At the heart of Samuel Beckett’s Endgame is a relationship between two characters—Hamm and Clov. Hamm is the chair-bound master who is dependent upon his servant, Clov, for life while browbeaten Clov—who is unable to sit—dreams of nothing but leaving.
Alan Mandell and Barry McGovern bring this complicated relationship to life in our production of Beckett’s masterwork, which plays the Kirk Douglas Theatre through May 22, 2016. At the ages of 89 and 67 respectively, Mandell and McGovern may be the most experienced actors and Beckett interpreters ever to play these roles, but it is the character of their relationship that lends their performances particular weight.

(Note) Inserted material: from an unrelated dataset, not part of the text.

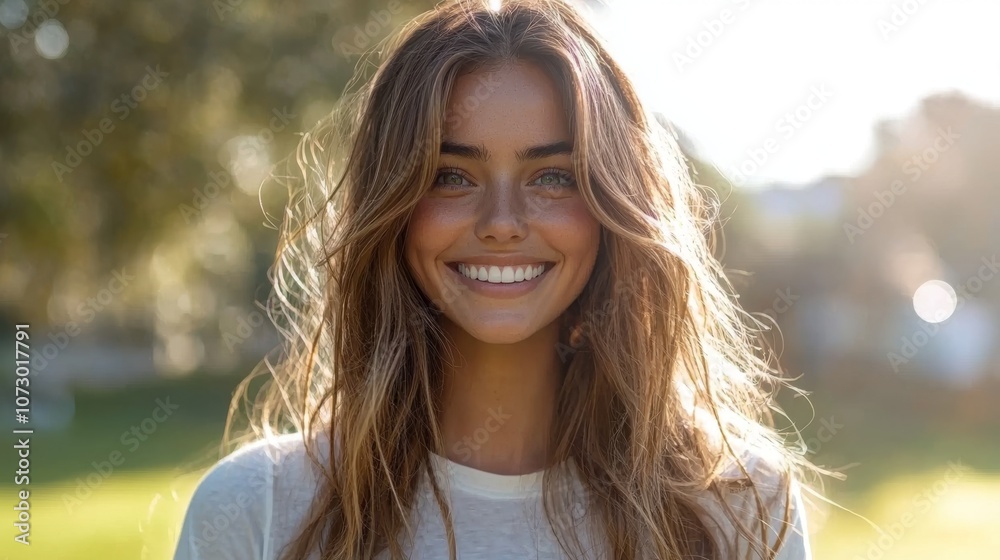 Smiling Woman with Curly Hair in Sunlit Garden for Natural Beauty Photography Smiling Woman with Curly Hair in Sunlit Garden for Natural Beauty Photography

When asked how they know each other for a recent interview with Center Theatre Group, the two braced themselves simultaneously with, “Well…” before chuckling at their unplanned synchronicity.
“We met—I think it was in The Hague,” said Mandell.
“We met in the Peacock in Dublin,” said McGovern, “back in 1980. You were doing Endgame.”
In that production, directed by Beckett, Mandell played Nagg—Hamm’s father, who resides in an ash bin. Mandell recalled his very first rehearsal in the role (which he has played on numerous occasions). The actor playing Nell, Nagg’s wife and fellow ash bin-dweller, was out. But rather than cancel rehearsal, Beckett decided to join Mandell onstage himself. “I was terrified at the time!” confessed Mandell. “He said, ‘We’ll pull up two chairs. I’ll do Nell and you do Nagg’…and there were all sorts of people there!”
If Mandell and McGovern still harbor any anxiety about performing Beckett’s work, they do not show it. McGovern quoted Beckett to explain why he’s not fazed by the challenges of playing Clov: “If people want to have headaches among the overtones, let them—and provide their own aspirin.” He added, “People often try to complicate things…Endgame is about leaving. It’s all about Clov, the servant of Hamm, wanting to leave—to get away. This is the day he is finally going to break this symbiotic relationship that they have. We’ll see—at the end—whether he leaves or not, but he’s always talking about leaving. ‘I’ll leave you.’ It’s about finishing and leaving. ‘Finished’ is the first word in the play.”
“The end is in the beginning, and yet you go on,” added Mandell by way of Beckett.
Beckett has a reputation in popular culture of being more than a little depressing and Endgame—which Beckett reportedly began working on soon after the death of his brother—is often thought to be his grimmest work. However, McGovern said that audiences should arrive at the Douglas ready to laugh. “It’s a very funny play. I mean, it’s a serious play and it’s a harrowing play in some ways. But it’s a very gripping play,” he said. “It’s about everyone who is in a relationship. And any relationship, as we all know—however good it is—has its fraught moments, to put it mildly.”
So what about Mandell and McGovern’s relationship? After joking about how much they hate one another, McGovern confessed, “Alan is just an all-around nice guy...My admiration is boundless for this man.”
To which Mandell added, “I wouldn’t do Endgame without Barry. I mean, I just wanted the very best actor and someone of great intelligence to work with—and that’s him.”